BEGIN
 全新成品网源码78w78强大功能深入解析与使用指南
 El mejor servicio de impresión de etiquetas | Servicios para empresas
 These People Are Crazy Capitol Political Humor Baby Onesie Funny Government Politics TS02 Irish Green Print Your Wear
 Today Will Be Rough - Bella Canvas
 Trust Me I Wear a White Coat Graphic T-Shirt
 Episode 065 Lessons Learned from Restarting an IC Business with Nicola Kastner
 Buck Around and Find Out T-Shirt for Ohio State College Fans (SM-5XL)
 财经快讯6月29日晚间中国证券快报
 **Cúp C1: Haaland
END
Problem to work on:
Write out every entry above, word for word.

Final answer:
 全新成品网源码78w78强大功能深入解析与使用指南
 El mejor servicio de impresión de etiquetas | Servicios para empresas
 These People Are Crazy Capitol Political Humor Baby Onesie Funny Government Politics TS02 Irish Green Print Your Wear
 Today Will Be Rough - Bella Canvas
 Trust Me I Wear a White Coat Graphic T-Shirt
 Episode 065 Lessons Learned from Restarting an IC Business with Nicola Kastner
 Buck Around and Find Out T-Shirt for Ohio State College Fans (SM-5XL)
 财经快讯6月29日晚间中国证券快报
 **Cúp C1: Haaland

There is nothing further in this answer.